• Exercise inputs:
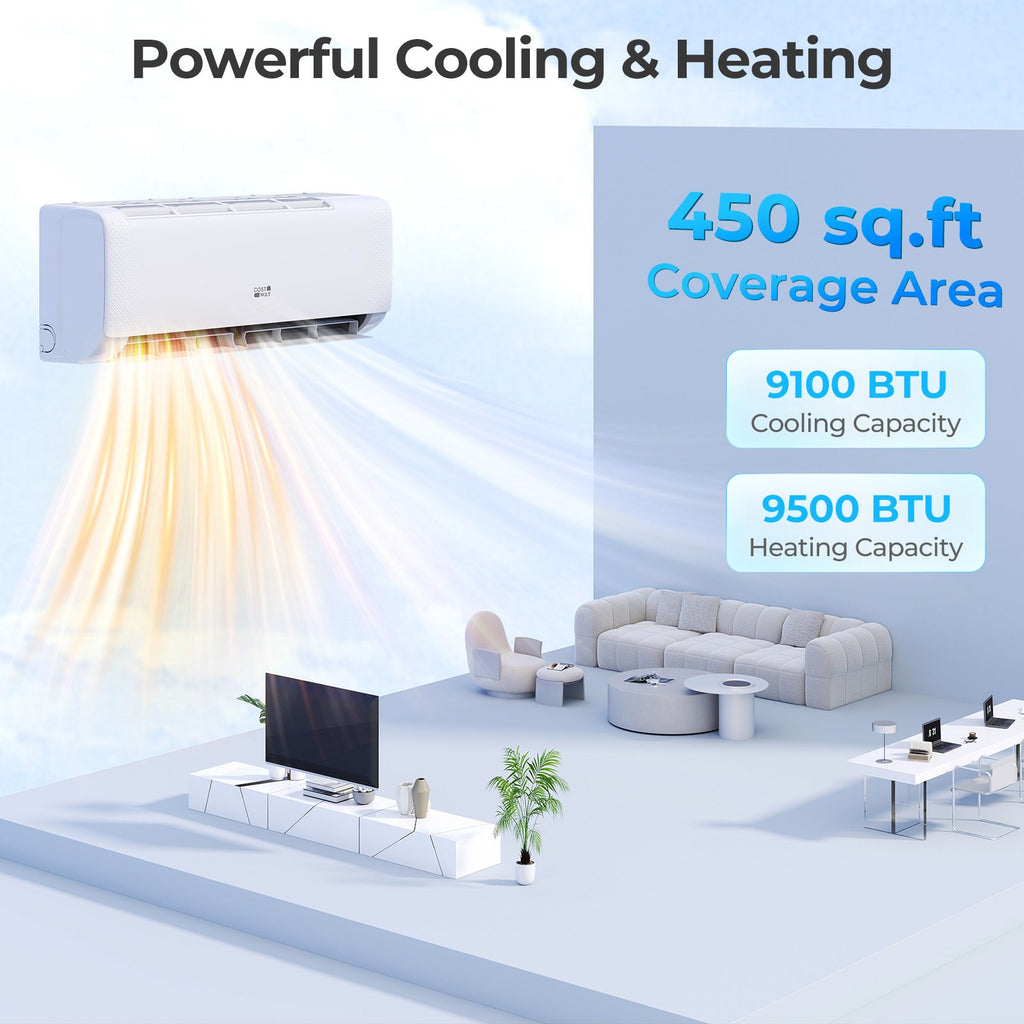 Costway 9100 BTU 20.5 SEER2 WiFi Mini Split AC Alexa 115V 361748952 New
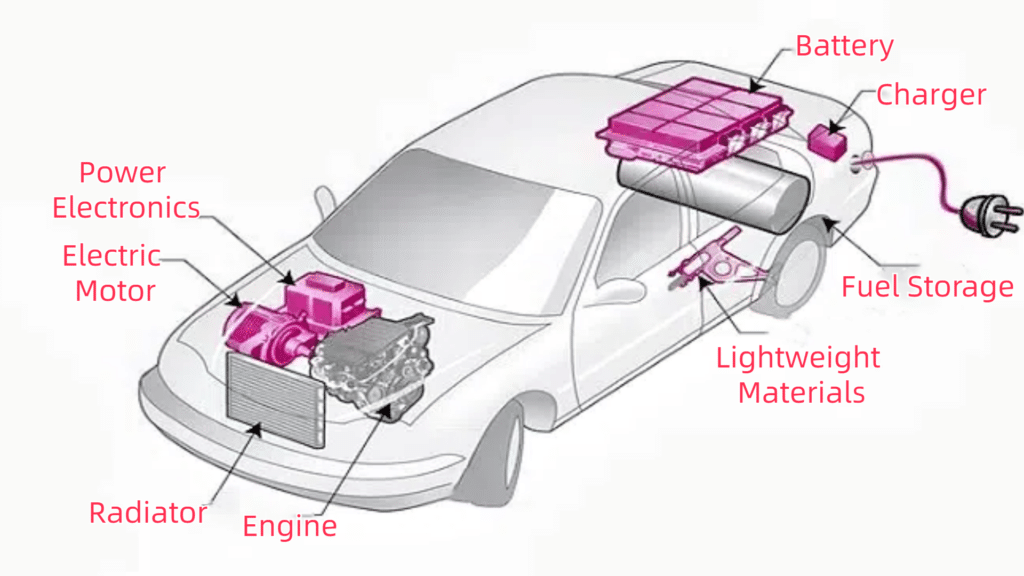 New Energy Vehicle Parts
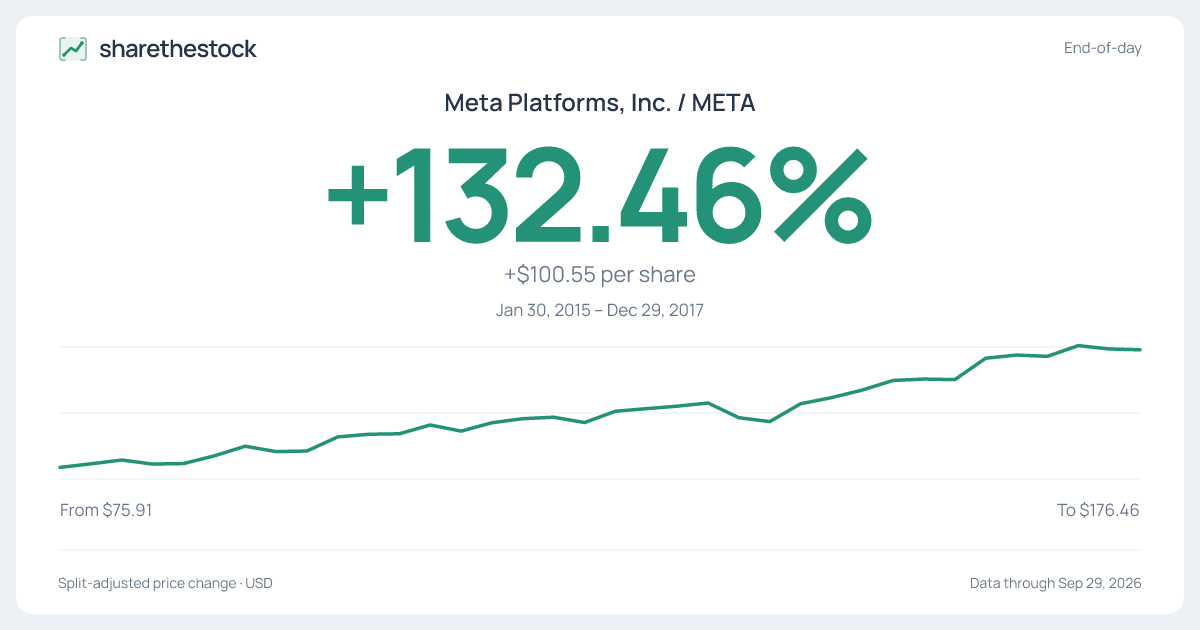 Share card for META: +132.46% Jan 2015 – Dec 2017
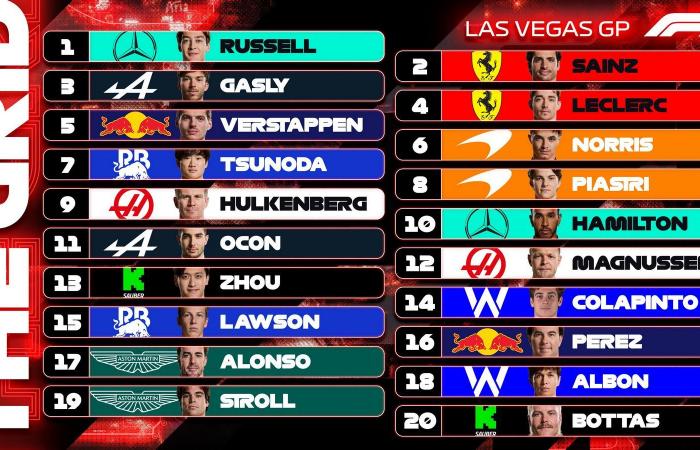 Gran Premio di Las Vegas: la griglia di partenza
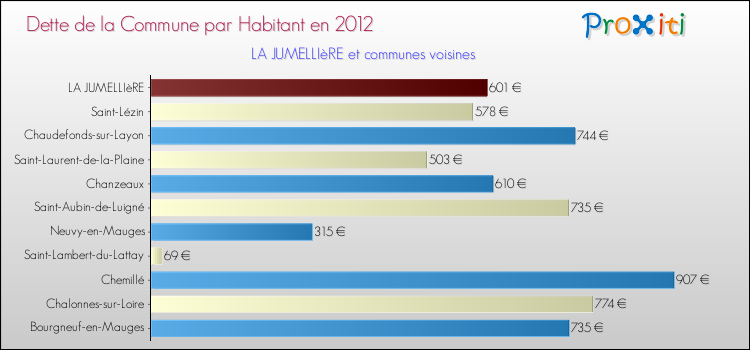 Dette par habitant de la commune en 2012 pour LA JUMELLIèRE et les communes proches Comparaison de la dette par habitant de la commune en 2012 pour LA JUMELLIèRE et les communes voisines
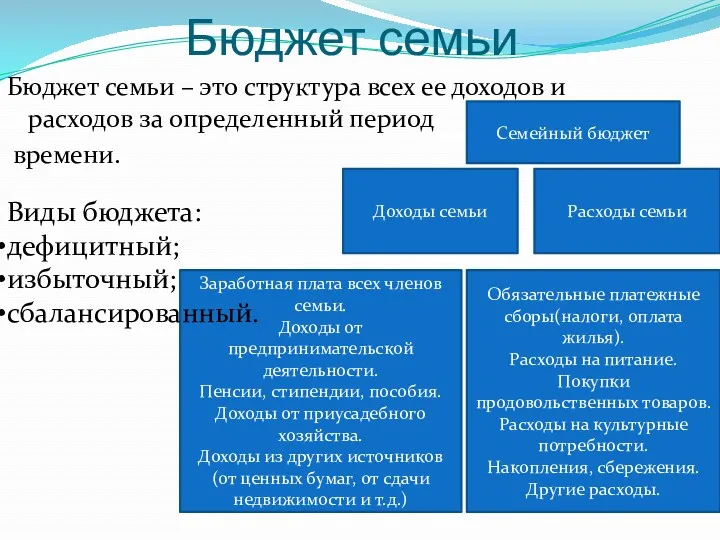 Бюджет семьи Бюджет семьи – это структура всех ее доходов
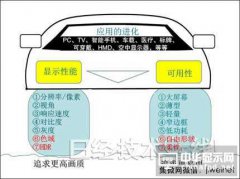 显示器面临抉择：加速有机EL还是重返液晶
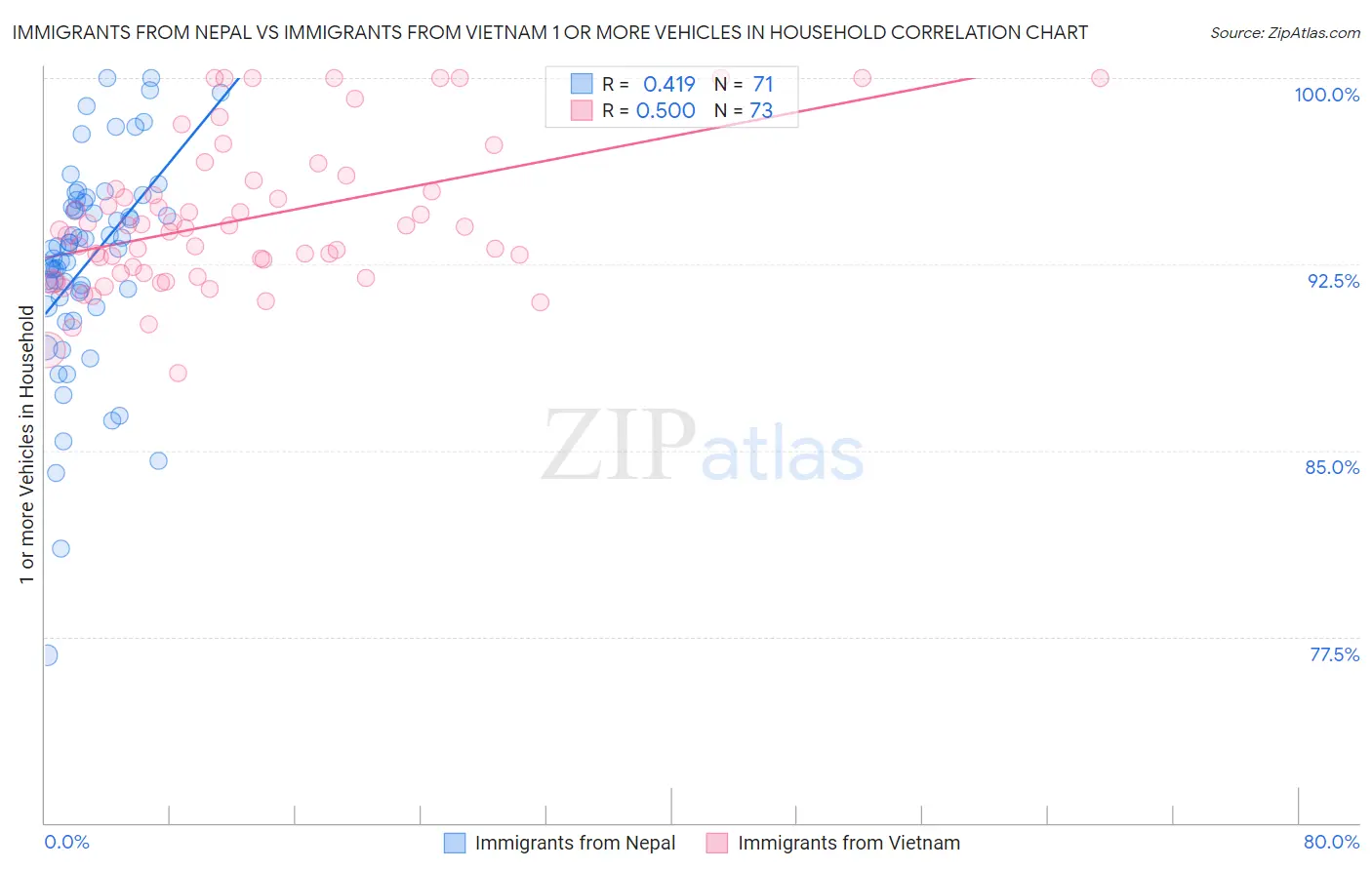 Immigrants from Nepal vs Immigrants from Vietnam 1 or more Vehicles in Household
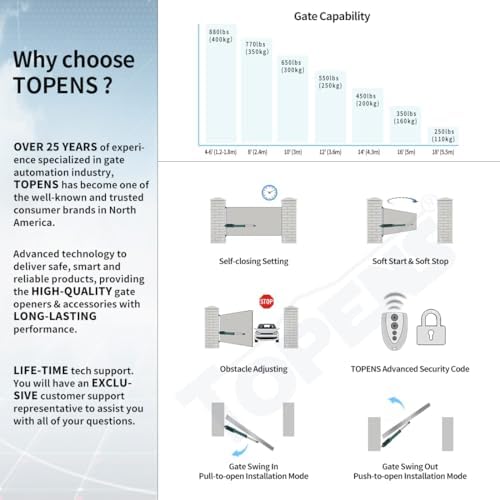 TOPENS A8131 Heavy Duty Swing Gate Opener for Driveways Up to 18ft with Remote Control Solar Compatible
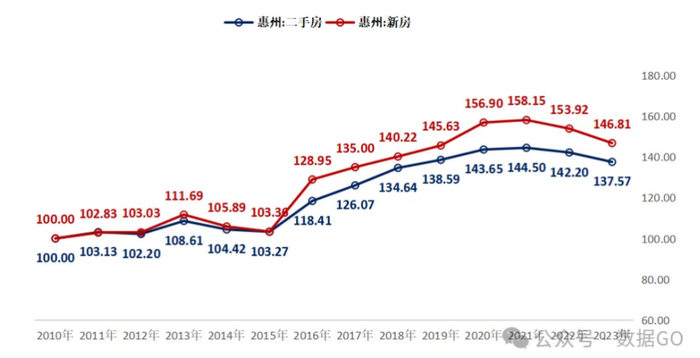 不用远赴东北，广州人有自己的“鹤岗”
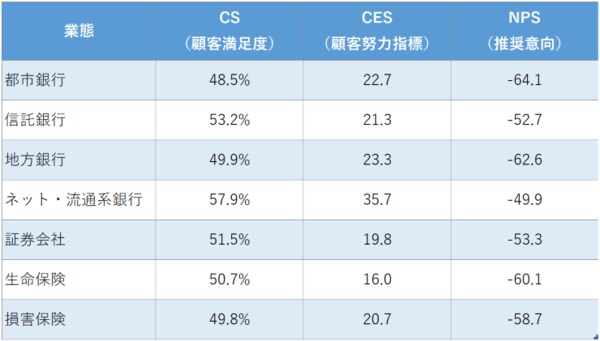 身近な金融機関のNPS(R)（推奨意向）など、全国16万人の大規模データ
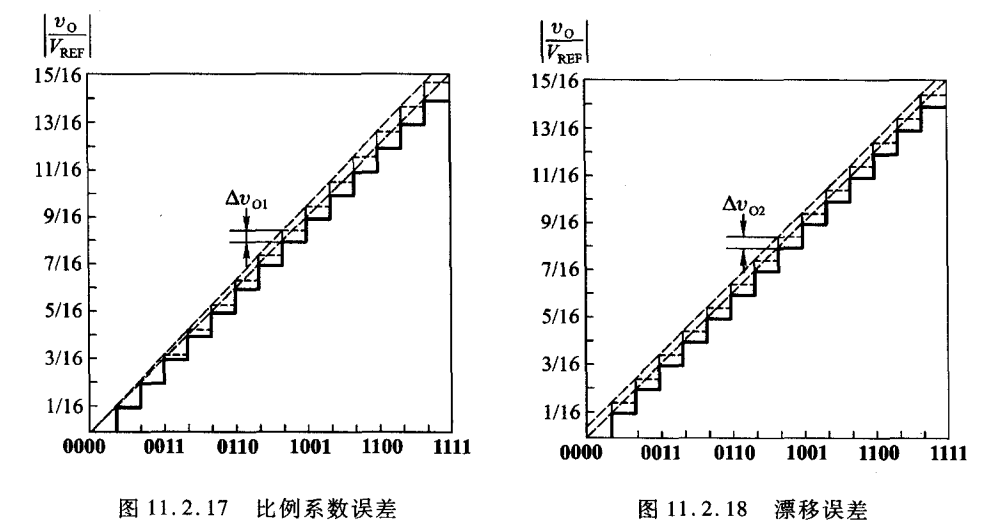 数-模转换和模-数转换_模数转换_08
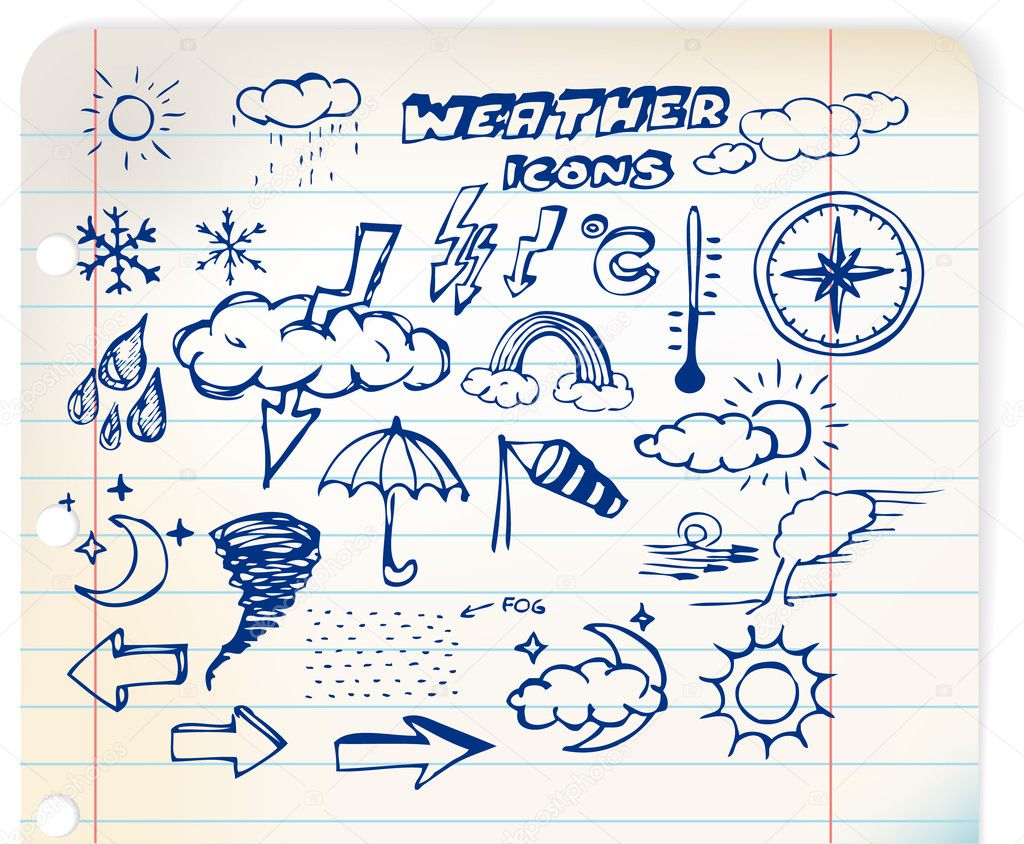 Set of grunge weather hand drawing icons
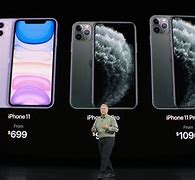 Image result for iPhone 11 Pro Specs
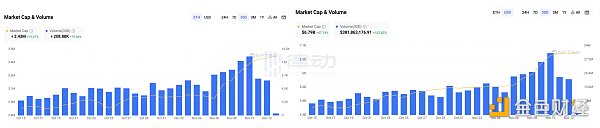 NFT市场回暖 巨鲸和KOL们都在买什么?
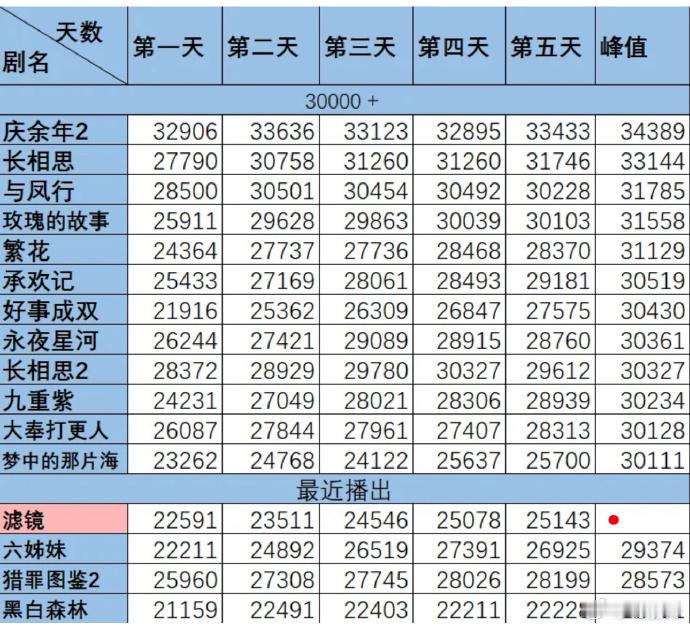 《滤镜》热度渐升，开播后走势超预期，新观众入场，剧情留人。若扛住工作日，有望冲 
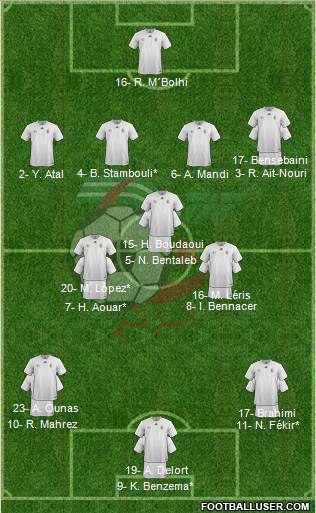 Algeria 4-3-3 football formation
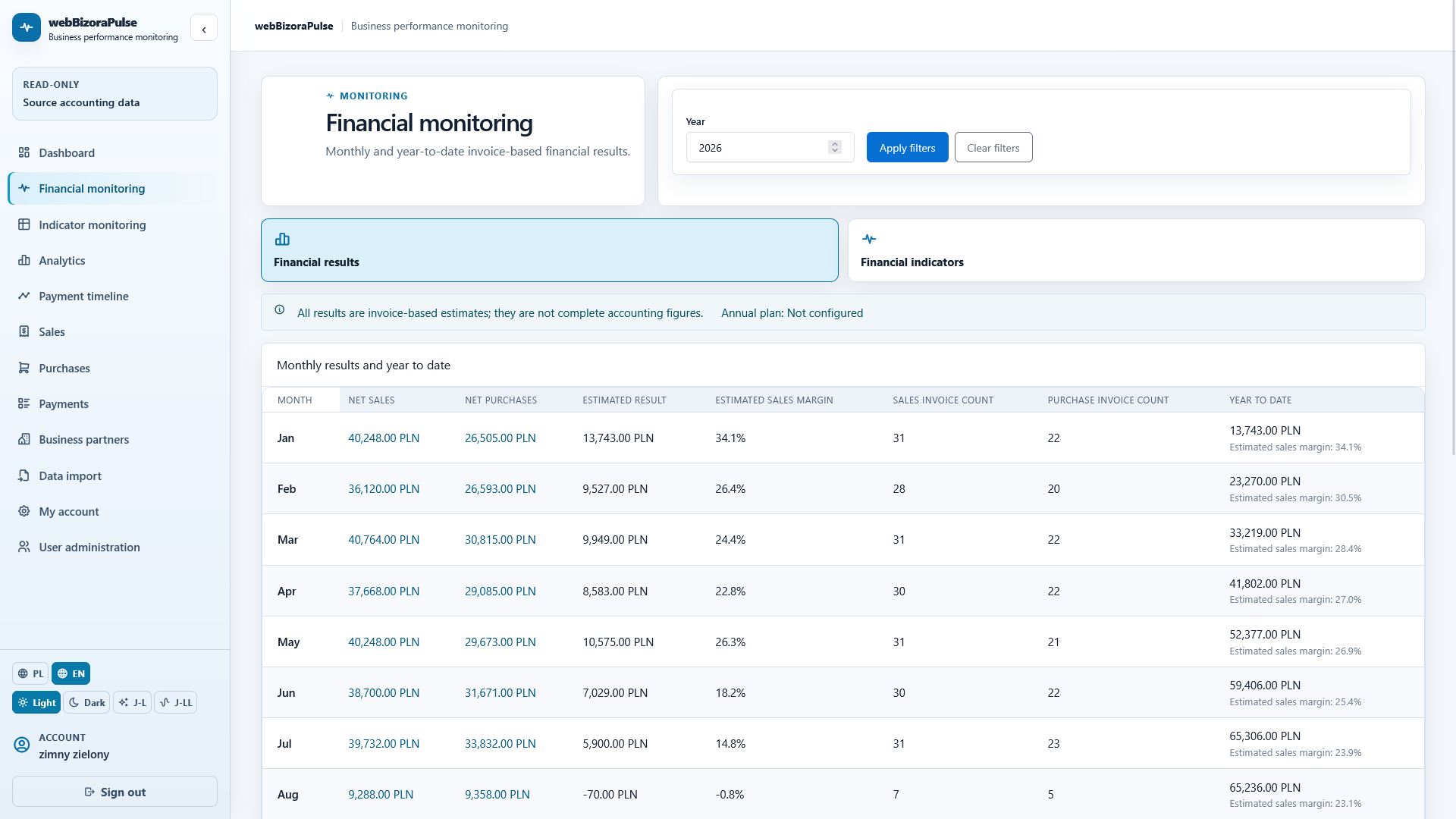 WebBizOraPulse financial monitoring view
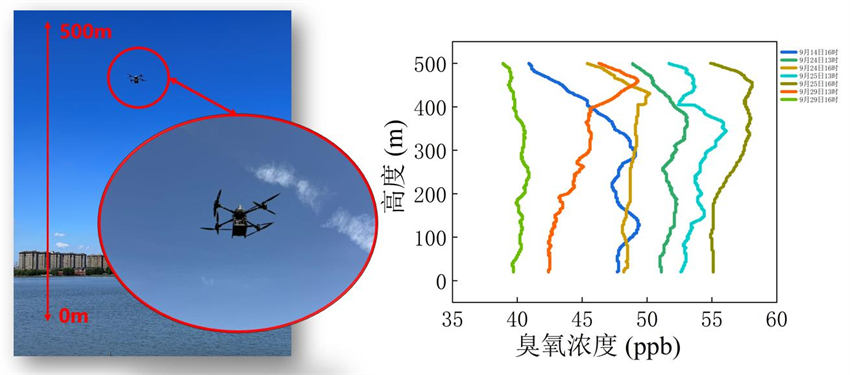 臭氧垂直廓线 - 副本 (2).jpg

• Task instructions: The required output is every line of the data above, set down exactly and stripped of pictures.

• Result of the task:
 Costway 9100 BTU 20.5 SEER2 WiFi Mini Split AC Alexa 115V 361748952 New
 New Energy Vehicle Parts
 Share card for META: +132.46% Jan 2015 – Dec 2017
 Gran Premio di Las Vegas: la griglia di partenza
 Dette par habitant de la commune en 2012 pour LA JUMELLIèRE et les communes proches Comparaison de la dette par habitant de la commune en 2012 pour LA JUMELLIèRE et les communes voisines
 Бюджет семьи Бюджет семьи – это структура всех ее доходов
 显示器面临抉择：加速有机EL还是重返液晶
 Immigrants from Nepal vs Immigrants from Vietnam 1 or more Vehicles in Household
 TOPENS A8131 Heavy Duty Swing Gate Opener for Driveways Up to 18ft with Remote Control Solar Compatible
 不用远赴东北，广州人有自己的“鹤岗”
 身近な金融機関のNPS(R)（推奨意向）など、全国16万人の大規模データ
 数-模转换和模-数转换_模数转换_08
 Set of grunge weather hand drawing icons
 Image result for iPhone 11 Pro Specs
 NFT市场回暖 巨鲸和KOL们都在买什么?
 《滤镜》热度渐升，开播后走势超预期，新观众入场，剧情留人。若扛住工作日，有望冲 
 Algeria 4-3-3 football formation
 WebBizOraPulse financial monitoring view
 臭氧垂直廓线 - 副本 (2).jpg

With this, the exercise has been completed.